Ich arbeite mit Eclipse 3.0.2 .
ich kann Folgendes nicht importieren, weiss jemand warum, wie konnen die Fehler verschwinden ?

//erstes Programm auf 1.Zeile keine Fehlermeldung

import java.util.Properties; 
import javax.mail.*; 
import javax.mail.internet.*; 
import javax.activation.*; 

//zweites Program auf 1.Zeile keine Fehlermeldung

import java.util.*;
import javax.mail.*;
import javax.mail.internet.*;
import javax.activation.*;
import beans.mail.SimpleMail;


----------



## P3AC3MAK3R (6. Mai 2005)

Ist die JAR-Datei des entsprechenden APIs im Classpath?


----------



## Perffy (6. Mai 2005)

Welche JAR-Datei ?
ich hab nur eine Class-Datei erstellt und die Core von einem anderem Forum kopiert.
aber es konnte nicht kompiliert werden, weil es Fehler gibt.

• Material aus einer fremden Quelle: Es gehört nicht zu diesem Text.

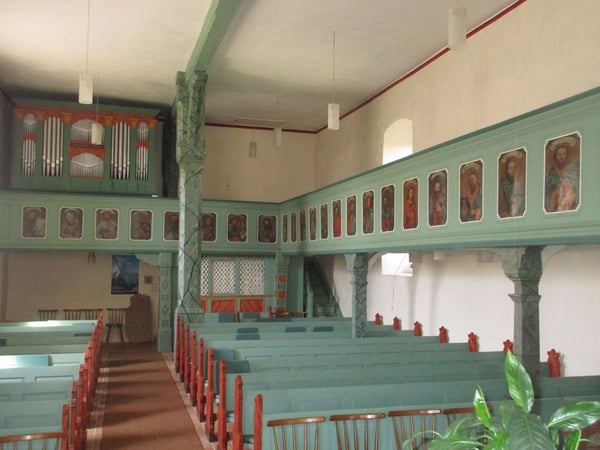 Das Bild zeigt das Innere der Evangelische Kirche Kirtorf-Gleimenhain. Die prägenden farben sind beige und türkis. Außerdem sind eine Gemälde an der Wand zu erkennen.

Was soll ich genauer machen ?


----------



## Bleiglanz (6. Mai 2005)

mail.jar

activation.jar

in den classpath aufnehmen, wurde hier und anderswo schon zigmal diskutiert


----------



## Perffy (6. Mai 2005)

Ich hab die zwei Jar files gefunden, aber jetzt weiss ich nicht genau wie ich die installieren soll ?
Ich hab in google gesucht, aber da hab ich nichts verstanden. hab ich die in allen moglichen Folders(java, eclipse, Folder, wo mein Applet ist) gestellt und gestartet, aber es passiert nichts ?
Ein Freund hat probiert auf seinem Rechner unter Linux und da gab es folgendes problem " Failed to load Main-Class manifest attribute from mail.jar "
Wie kann ich die auf meinen installieren ?


----------



## Bleiglanz (6. Mai 2005)

Perffy hat gesagt.:
			
		

> Ich hab die zwei Jar files gefunden, aber jetzt weiss ich nicht genau wie ich die installieren soll ?



http://www.google.de/search?hl=de&q=Java+Classpath+Jar+Anfänger&btnG=Suche&meta=


----------